Aunque existen variaciones según la marca y la capacidad, las medidas aproximadas que debes manejar son:

  • Lavadoras de carga frontal: por lo general, miden 60 cm de ancho x 60 cm de profundidad x 85 cm de alto; sin embargo, los modelos de gran capacidad, de más de 15 kg, suelen tener una profundidad mucho mayor.
  • Lavadoras de carga superior: suelen ser más estrechas, con un ancho que puede variar entre 40 y 60 cm, pero requieren espacio libre en la parte de arriba para abrir la tapa cómodamente.

En cualquiera de los casos, nunca compres un equipo que encaje, al milímetro, en tu espacio.
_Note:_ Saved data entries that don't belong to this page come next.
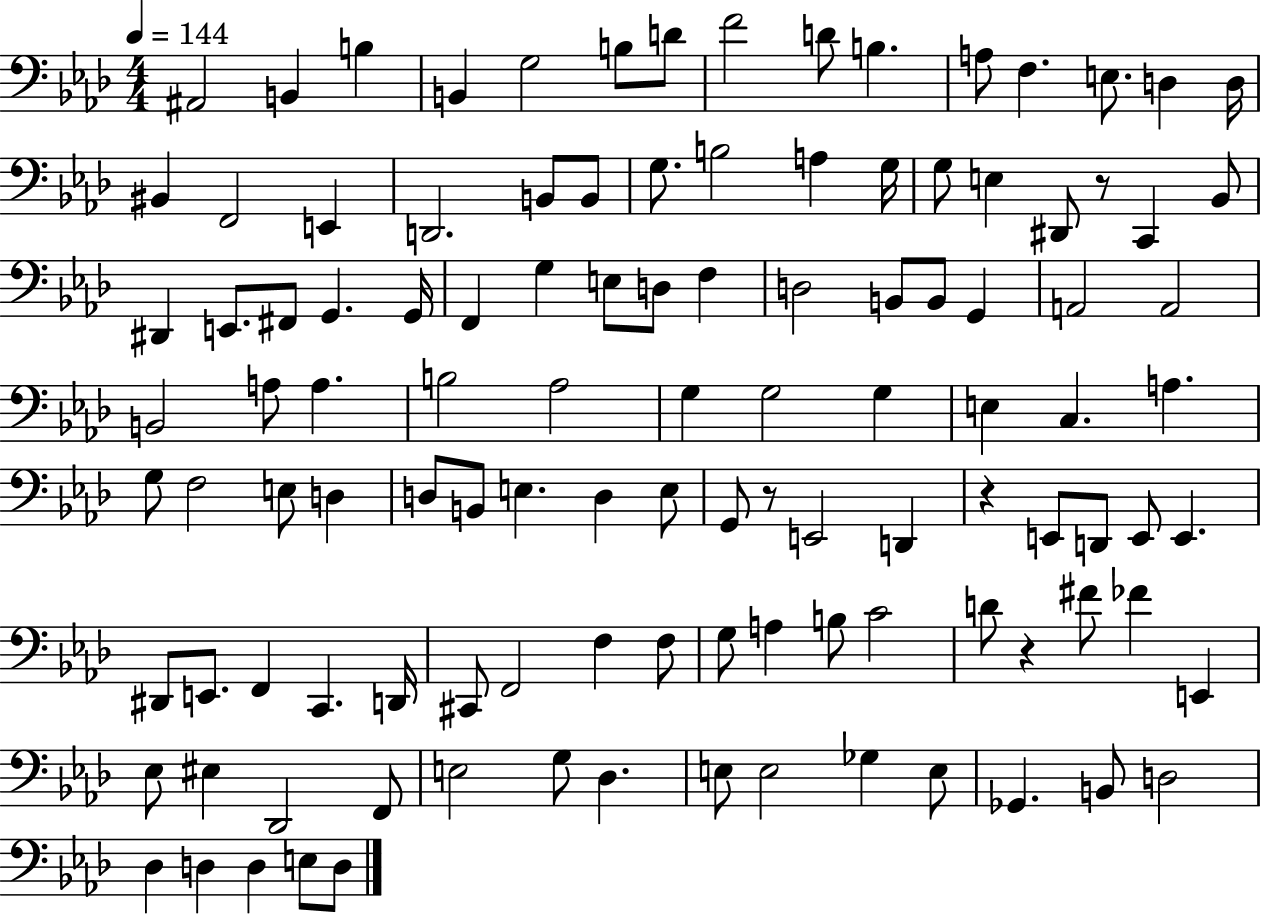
X:1
T:Untitled
M:4/4
L:1/4
K:Ab
^A,,2 B,, B, B,, G,2 B,/2 D/2 F2 D/2 B, A,/2 F, E,/2 D, D,/4 ^B,, F,,2 E,, D,,2 B,,/2 B,,/2 G,/2 B,2 A, G,/4 G,/2 E, ^D,,/2 z/2 C,, _B,,/2 ^D,, E,,/2 ^F,,/2 G,, G,,/4 F,, G, E,/2 D,/2 F, D,2 B,,/2 B,,/2 G,, A,,2 A,,2 B,,2 A,/2 A, B,2 _A,2 G, G,2 G, E, C, A, G,/2 F,2 E,/2 D, D,/2 B,,/2 E, D, E,/2 G,,/2 z/2 E,,2 D,, z E,,/2 D,,/2 E,,/2 E,, ^D,,/2 E,,/2 F,, C,, D,,/4 ^C,,/2 F,,2 F, F,/2 G,/2 A, B,/2 C2 D/2 z ^F/2 _F E,, _E,/2 ^E, _D,,2 F,,/2 E,2 G,/2 _D, E,/2 E,2 _G, E,/2 _G,, B,,/2 D,2 _D, D, D, E,/2 D,/2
Debes dejar siempre:

  • Al menos, 5 a 10 cm en la parte trasera para la manguera de entrada de agua, para la tubería de desagüe y para el enchufe. Si quedan aplastados, pueden romperse y causar fugas.
  • Un par de centímetros a los lados para absorber las vibraciones del centrifugado y para evitar que golpee los muebles o las paredes.
  • Espacio frontal necesario para abrir la puerta por completo y para poder agacharte sin chocar con la pared de atrás si eliges una lavadora de carga frontal.

Consejo práctico: si vives en un edificio, asegúrate de que la lavadora entre en el ascensor o de que las escaleras tengan el ancho suficiente para que los repartidores puedan llevarla hasta tu domicilio.

En resumen, elegir la lavadora para tu hogar o para tu coliving se basa en conseguir uno que se adapte a tus necesidades reales de espacio, de presupuesto y de estilo de vida:

Antes de hacer clic en «comprar» o de dirigirte a la tienda, repasa este checklist:

  • Si tienes un espacio estrecho, elige carga superior (40 cm de ancho) o, si quieres apilar secadora o instalar bajo encimera, elige carga frontal.
  • Elige la capacidad adecuada: 6 a 7 kg para 1 a 2 personas en el hogar, 8 a 9 kg para 3 a 4 personas, o 10 kg o más para familias numerosas o para lavar edredones con frecuencia.
  • Elige modelos en clase A (rango verde) para ahorrar al máximo en tu recibo de luz a largo plazo.
  • Elige un modelo con motor Inverter si buscas durabilidad, menor vibración y funcionamiento silencioso en departamentos.
  • Elige entre 1200 y 1400 RPM para reducir el tiempo de secado, especialmente, en climas húmedos.
  • Asegúrate de que tenga programa rápido (15 a 30 min), lavado a agua fría y a vapor, y, si está en tu presupuesto, dosificación automática de detergente.
  • Mide el espacio final, dejando 5 a 10 cm libres atrás.

Dedicar unos minutos te garantizará una compra inteligente y un ahorro constante de agua y de electricidad, y te permitirá comprar un electrodoméstico que cuidará tu ropa durante muchos años.